Problem is, you're not supposed to have one at all. Your poco wouldn't be happy about you unlocking their meters willy nilly. 
That's the whole point of the locks, so people don't steal power.


----------



## bauler

Rudeboy said:


> Problem is, you're not supposed to have one at all. Your poco wouldn't be happy about you unlocking their meters willy nilly.
> That's the whole point of the locks, so people don't steal power.
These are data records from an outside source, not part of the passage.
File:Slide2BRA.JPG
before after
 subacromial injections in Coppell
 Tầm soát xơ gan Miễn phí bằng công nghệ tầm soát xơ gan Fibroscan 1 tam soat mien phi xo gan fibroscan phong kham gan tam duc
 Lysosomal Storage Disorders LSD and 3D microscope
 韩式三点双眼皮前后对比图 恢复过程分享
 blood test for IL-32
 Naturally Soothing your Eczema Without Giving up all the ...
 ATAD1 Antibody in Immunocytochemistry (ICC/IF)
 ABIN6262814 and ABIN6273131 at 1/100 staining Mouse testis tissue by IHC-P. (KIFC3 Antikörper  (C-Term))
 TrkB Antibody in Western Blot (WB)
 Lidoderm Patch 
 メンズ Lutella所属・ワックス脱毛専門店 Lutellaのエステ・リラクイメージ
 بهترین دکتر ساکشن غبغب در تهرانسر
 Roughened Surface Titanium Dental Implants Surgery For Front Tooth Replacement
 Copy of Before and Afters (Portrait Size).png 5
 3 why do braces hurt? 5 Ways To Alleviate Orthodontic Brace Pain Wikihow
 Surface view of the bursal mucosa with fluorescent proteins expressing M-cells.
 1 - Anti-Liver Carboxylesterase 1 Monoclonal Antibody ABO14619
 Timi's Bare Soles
You know a lock is not going to stop anyone determined on stealing power. An inspector I know was telling me they have had a rash of people cutting into the underground service riser and tapping off there. Most the panels here on the outside of a garage wall, simple thing to cut into PVC from the inside. Meter reader would never see it. Especially popular with the grow houses. 

If Edison would come out in a reasonable amount of time, no problem. I would just as soon not touch their stuff.


----------



## Rudeboy

bauler said:


> You know a lock is not going to stop anyone determined on stealing power. An inspector I know was telling me they have had a rash of people cutting into the underground service riser and tapping off there. Most the panels here on the outside of a garage wall, simple thing to cut into PVC from the inside. Meter reader would never see it. Especially popular with the grow houses.
> 
> If Edison would come out in a reasonable amount of time, no problem. I would just as soon not touch their stuff.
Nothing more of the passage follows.